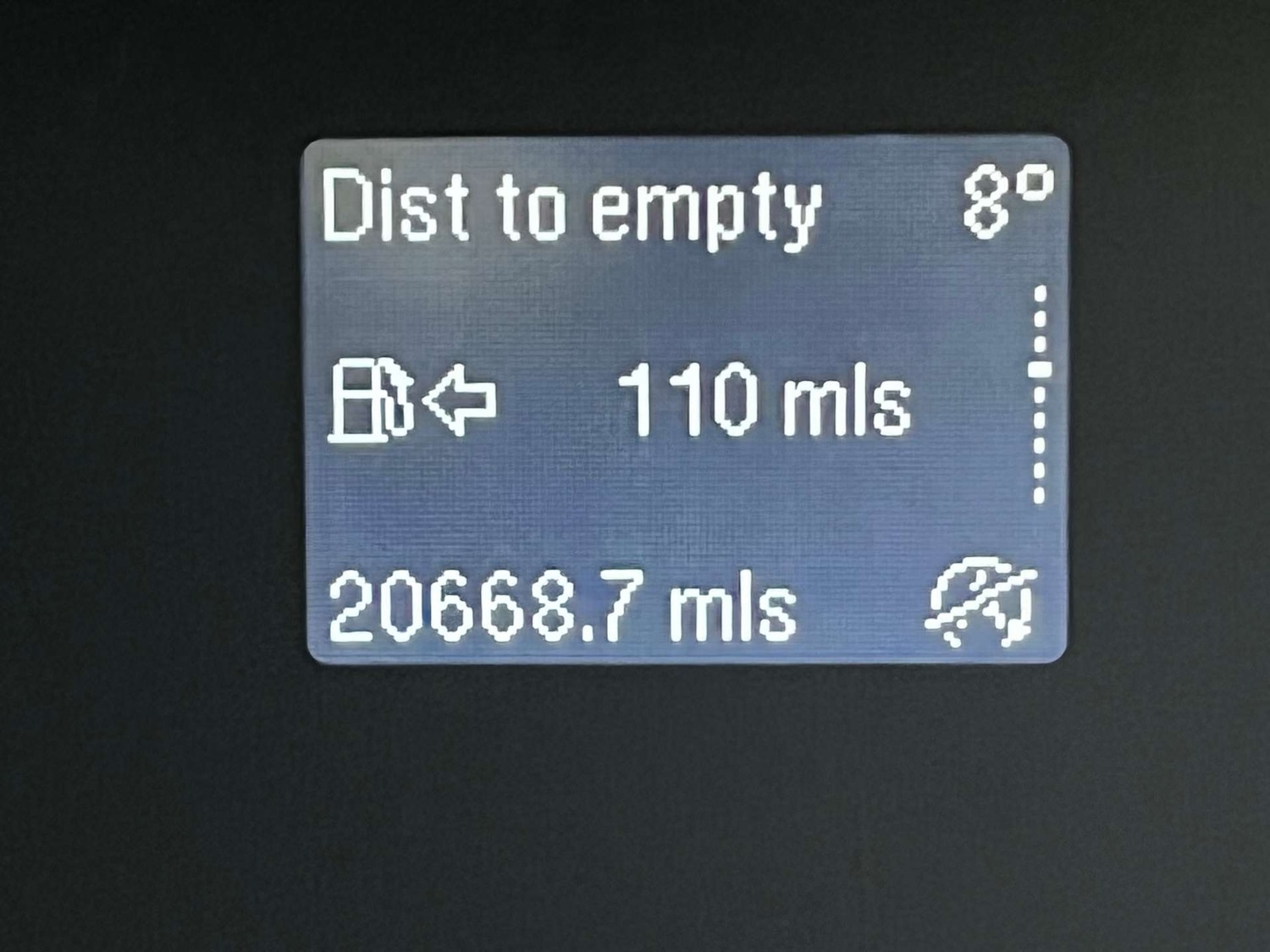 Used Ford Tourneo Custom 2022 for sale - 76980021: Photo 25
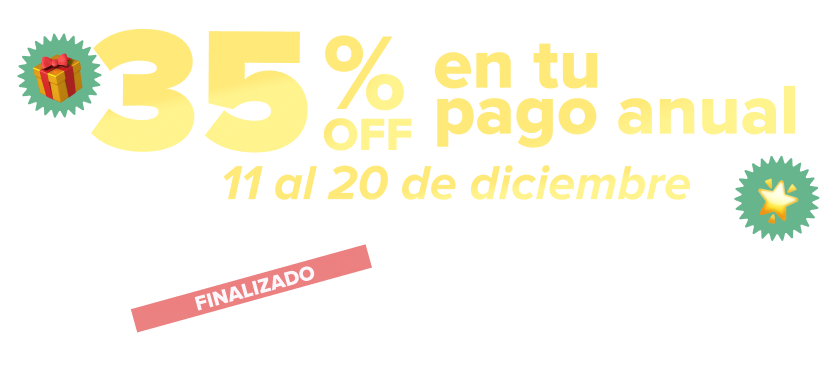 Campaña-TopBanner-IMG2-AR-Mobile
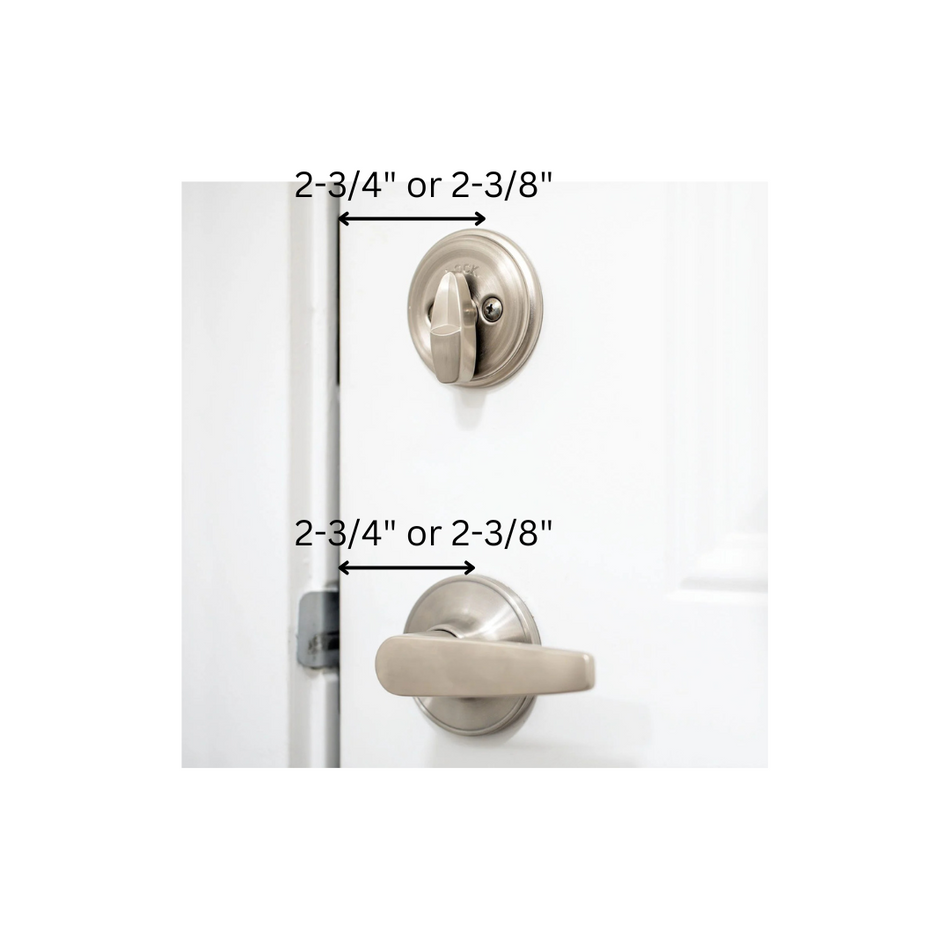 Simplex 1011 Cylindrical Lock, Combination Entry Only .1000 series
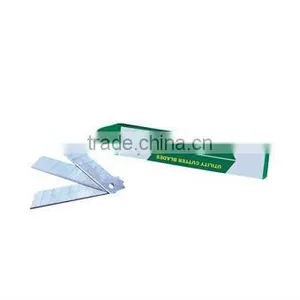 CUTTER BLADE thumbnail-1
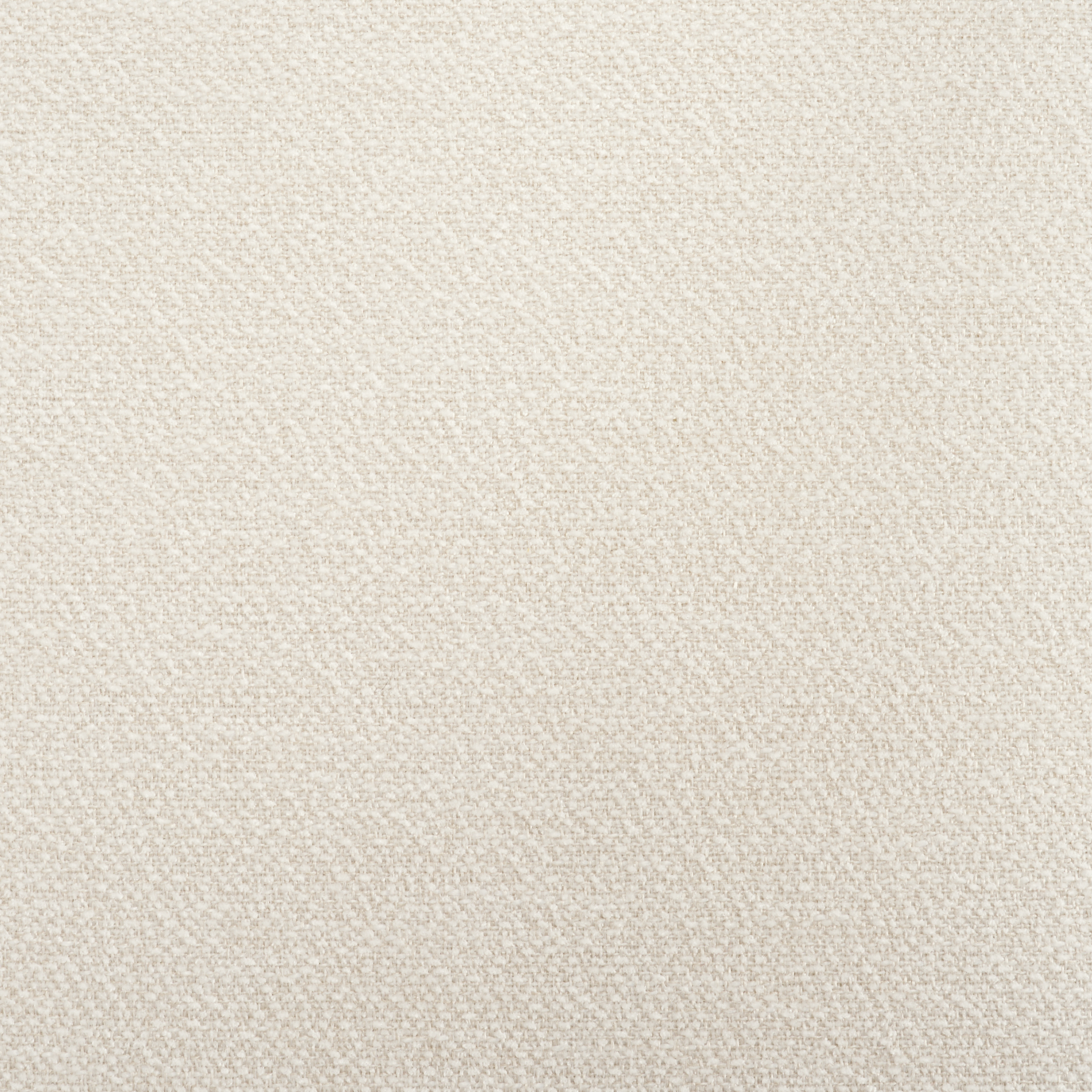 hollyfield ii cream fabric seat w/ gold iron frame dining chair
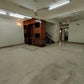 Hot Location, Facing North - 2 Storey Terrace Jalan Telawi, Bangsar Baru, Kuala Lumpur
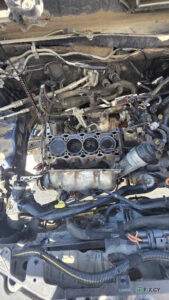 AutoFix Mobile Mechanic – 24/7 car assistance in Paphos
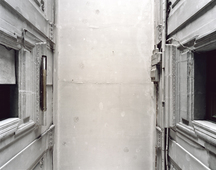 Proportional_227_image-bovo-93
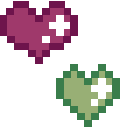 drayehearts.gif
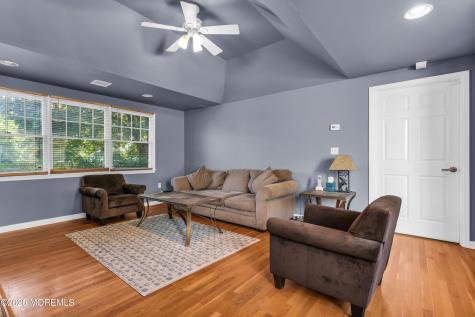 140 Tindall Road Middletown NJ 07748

·····

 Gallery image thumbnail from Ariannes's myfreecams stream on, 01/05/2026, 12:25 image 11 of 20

·····

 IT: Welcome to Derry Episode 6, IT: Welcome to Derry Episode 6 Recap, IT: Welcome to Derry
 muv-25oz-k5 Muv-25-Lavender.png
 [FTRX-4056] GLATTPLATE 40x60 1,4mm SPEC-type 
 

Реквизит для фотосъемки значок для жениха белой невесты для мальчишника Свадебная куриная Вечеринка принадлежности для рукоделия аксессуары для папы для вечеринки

·····

Problem statement =>
In the records above, find the line with "Used Ford Tourneo" and the line with "140 Tindall Road Middletown NJ 07748", then restate word for word only those two lines and all lines between, omitting pictures.

Solved exercise =>
 Used Ford Tourneo Custom 2022 for sale - 76980021: Photo 25
 Campaña-TopBanner-IMG2-AR-Mobile
 Simplex 1011 Cylindrical Lock, Combination Entry Only .1000 series
 CUTTER BLADE thumbnail-1
 hollyfield ii cream fabric seat w/ gold iron frame dining chair
 Hot Location, Facing North - 2 Storey Terrace Jalan Telawi, Bangsar Baru, Kuala Lumpur
 AutoFix Mobile Mechanic – 24/7 car assistance in Paphos
 Proportional_227_image-bovo-93
 drayehearts.gif
 140 Tindall Road Middletown NJ 07748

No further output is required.